A lot of ear infections is food allergy related. (I think she is soya allergic). It causes reflux. Also she gets really impacted ear wax so that can cause a cough.
For her it has improved as she has gotten ill less frequently. Now 6yo she didnt get one last winter.

Ear infections can cause adhd behaviour.
At per pp kids with asd tend to get more ear infections.

zzzzz Tue 04-Sep-18 18:43:52

Message withdrawn at poster's request.

Blue25654 Wed 05-Sep-18 07:50:07

In our experience both. But grommets did improve speech.

minimalist99 Thu 06-Sep-18 20:25:48

He just started nursery 2 days ago he seems ok, he is avoiding eye contact with the teachers but in general I have been told he has been ok. I am genuinely confused now, I asked him if he made any friends and he said yes and when i asked him their names he said "miss emma" she happens to be the head of senco at his nursery.

OP’s posts: |
zzzzz Fri 07-Sep-18 07:15:11

Message withdrawn at poster's request.

Biscuitrules Fri 07-Sep-18 23:33:16

I have experience of both - one NT child with glue ear although his nursery didn't pick this up and were pushing me to get an ASD assessment; second has a form of ASD (but no sensory issues). My experience is that whilst glue ear can cause social awkwardness and speech delay, there there are subtle differences to do with the quality of the interpersonal interactions.

With the elder (glue ear) I knew something was not right but couldn't put my finger on it for a long time. By the time the glue ear was diagnosed age 3.5 his speech was about 12 months behind and his social skills at nursery v poor (he ignored other children, didn't know how to play properly due to missing out on a lot of speech cues, was still at the parallel play stage and often preferred to play on his own). However at home he would engage in close one-on-one interactions with a lot of natural reciprocity. As a baby he did all the usual gazing intently at me and copying my facial expressions and sounds. As a toddler if I spoke to him he would look at me, respond verbally or non-verbally, and often seek to involve me in his games.

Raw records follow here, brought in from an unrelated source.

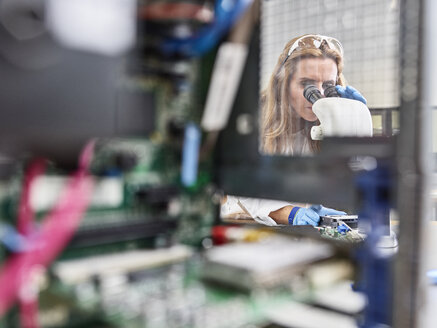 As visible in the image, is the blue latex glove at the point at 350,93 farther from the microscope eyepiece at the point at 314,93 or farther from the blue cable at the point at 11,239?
the blue cable at the point at 11,239

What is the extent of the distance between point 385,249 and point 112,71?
357mm

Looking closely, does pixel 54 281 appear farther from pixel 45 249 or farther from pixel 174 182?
pixel 174 182

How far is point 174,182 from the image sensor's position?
75 centimetres

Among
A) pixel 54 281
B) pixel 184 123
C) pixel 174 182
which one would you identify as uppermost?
pixel 184 123

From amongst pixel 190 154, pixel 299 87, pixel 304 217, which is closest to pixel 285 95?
pixel 299 87

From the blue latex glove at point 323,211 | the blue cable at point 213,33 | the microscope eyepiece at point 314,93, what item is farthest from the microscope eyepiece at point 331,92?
the blue cable at point 213,33

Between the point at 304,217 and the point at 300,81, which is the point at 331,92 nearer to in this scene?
the point at 300,81

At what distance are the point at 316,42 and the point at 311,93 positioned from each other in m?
0.04

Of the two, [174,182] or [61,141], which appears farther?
[174,182]

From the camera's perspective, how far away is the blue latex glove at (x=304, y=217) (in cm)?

The younger one with ASD was (in retrospect) different right from being a baby, didn't ever really pay attention to people and wouldn't do any of the copying games you see even quite young babies do. Didn't wave or point till 18 months. Was absolutely delightful in many other ways but not socially motivated, has always been way more interested in objects than people, would ignore us most of the time aged 2, and even now although he can engage beautifully it is only when he wants to (he doesn't have any sense of social obligation to do so). However they are both amazing and I wouldn't swap either of them for the world.

My main thought would be that if your son has glue ear that probably isn't helping (it put my eldest's social skills very much behind and it took around a year to catch up ins speech and 3 years to catch up in social skills) so definitely worth investigating that even if there is also underlying ASD.

minimalist99 Sat 08-Sep-18 08:56:58

Thank you zzzz and biscuit rules for your replies.

I actually see him engaging with the teachers more than his peers its early days yet at nursery so everyday when we pick him up we are being told that he is doing well but he is telling us that he has been playing with the cats everyday and this is the repetitive play we see at home he arranges the cars in a particular way and he has been doing so from the age of 2.

I am so overwhelmed by all of these feelings of confusion

OP’s posts: |
Bararisha Wed 19-Sep-18 13:04:32

Hi Biscuitrules
My son 2.5 yr recently diagnosed with glue ear 3mths ago and had grommets put in 2mths ago. Speech development has been slow and his social skills are behind. What type of therapy did you get for your older son? Do you have any tips for me to help him catch up?